Before he takes to the stage, he is ably supported by Mike Garry. Garry is more of a ‘proper’ poet than JCC, where the latter chooses comedy as his oeuvre, Garry uses his poems to vent his spleen, observe his world and to give form to his thoughts.
His stagecraft tells of a long time performing. He uses his space, sometimes walking away from his microphone to shout out some lines unamplified. The audience are held rapt by him, when he is not using his mic there is total silence in the room.
A fellow Mancunian, he shares a city and a past with John Cooper Clarke. To win over a Liverpool audience, he opens with a poem that details his time spent in our fair city, listing the streets, pubs and clubs that he has spent time in.
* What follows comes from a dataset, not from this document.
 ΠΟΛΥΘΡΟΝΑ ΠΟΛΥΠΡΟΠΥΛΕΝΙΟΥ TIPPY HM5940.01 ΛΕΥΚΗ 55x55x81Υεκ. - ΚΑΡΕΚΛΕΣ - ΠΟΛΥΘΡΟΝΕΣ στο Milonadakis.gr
His affection for these locations is obvious and the audience cheer as he triggers their own affectionate nostalgia.
His poem takes a darker turn however when he turns his attention to his hometown. Maybe this is also the difference between youth and adulthood, one filled with fun and laughter, the other with the realisation that pain and despair can surround us and cannot always be laughed away.
His observations are often grim, but his set avoids becoming depressing by dint of his personality and charm. He leaves the stage to huge applause and, minutes later, is selling and signing books for an eager bustle of people.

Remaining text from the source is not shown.